Question on setting stack size KMP_SET_STACKSIZE_S

danielsue · ‎05-27-2013

Hi All,

I would like to set the stack size at runtime for my parallel project. The stack size (e.g., 100000000) was previously set through property/linker/system/stack reserve size and stack commit size, and it works fine.

But when I set the stack size at runtime, it can not work and throw out "stack overflow". The codes are as follows:

stack_size = "estimate stack size" (e.g., 100000000)

call KMP_SET_STACKSIZE_S(stack_size)

write(idbg, *) "set stack size to: ", stack_size

stack_size_check = KMP_GET_STACKSIZE_S()

write(idbg, *) "check stack size:", stack_size_check

The result shows that the stack size has been set to 100000000, but still cause stack overflow problem.

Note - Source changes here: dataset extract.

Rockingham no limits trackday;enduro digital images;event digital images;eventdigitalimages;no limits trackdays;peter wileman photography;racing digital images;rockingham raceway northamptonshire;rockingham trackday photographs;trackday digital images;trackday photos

What's wrong with the above codes?

Thanks and regards,

Daniel

TimP · ‎05-27-2013

The overall stack size for your job has to accommodate the sum of the thread stack sizes set by KMP_STACKSIZE plus other stuff. So, if you set the same size for thread stack and overall stack, you won't be able to run even one thread. As number of threads continually increases, it's important to find ways to avoid increasing thread stack size; we can easily need 1GB overall even with default (4MB for 64-bit mode) thread stacks. Even an 8GB thread stack is likely to limit the number of threads.

danielsue · ‎05-27-2013

TimP (Intel) wrote:

The overall stack size for your job has to accommodate the sum of the thread stack sizes set by KMP_STACKSIZE plus other stuff. So, if you set the same size for thread stack and overall stack, you won't be able to run even one thread. As number of threads continually increases, it's important to find ways to avoid increasing thread stack size; we can easily need 1GB overall even with default (4MB for 64-bit mode) thread stacks. Even an 8GB thread stack is likely to limit the number of threads.

Hi Tim,

Thanks.

The size of stack for each parallel thread depends on our problem. We usually need more than 100M for large problem. So far, it is not easy to reduce the stack size. KMP_SET_STACKSIZE_S Sets the number of bytes that will be allocated for each parallel thread to use as its private stack.

I have two questions:

1) How can I set the overall stack size at runtime?

2) Is the stack reserve/commit size in properties page the overall stack?

Thanks and regards,

Daniel

SergeyKostrov · ‎05-27-2013

You didn't specify on what platform you're doing all your tests. >>...The stack size (e.g., 100000000) was previously set through property/linker/system/stack reserve size and >>stack commit size, and it works fine... 1. Stack Commit / Reserve are defined for the application ( it doesn't affect a stack size of OpenMP threads ) 2. KMP_STACKSIZE or OMP_STACKSIZE are set for OpenMP threads 3. KMP_STACKSIZE or OMP_STACKSIZE could be set at runtime using CRT-function putenv ( to verify getenv needs to be used )

danielsue · ‎05-27-2013

Sergey Kostrov wrote:

You didn't specify on what platform you're doing all your tests.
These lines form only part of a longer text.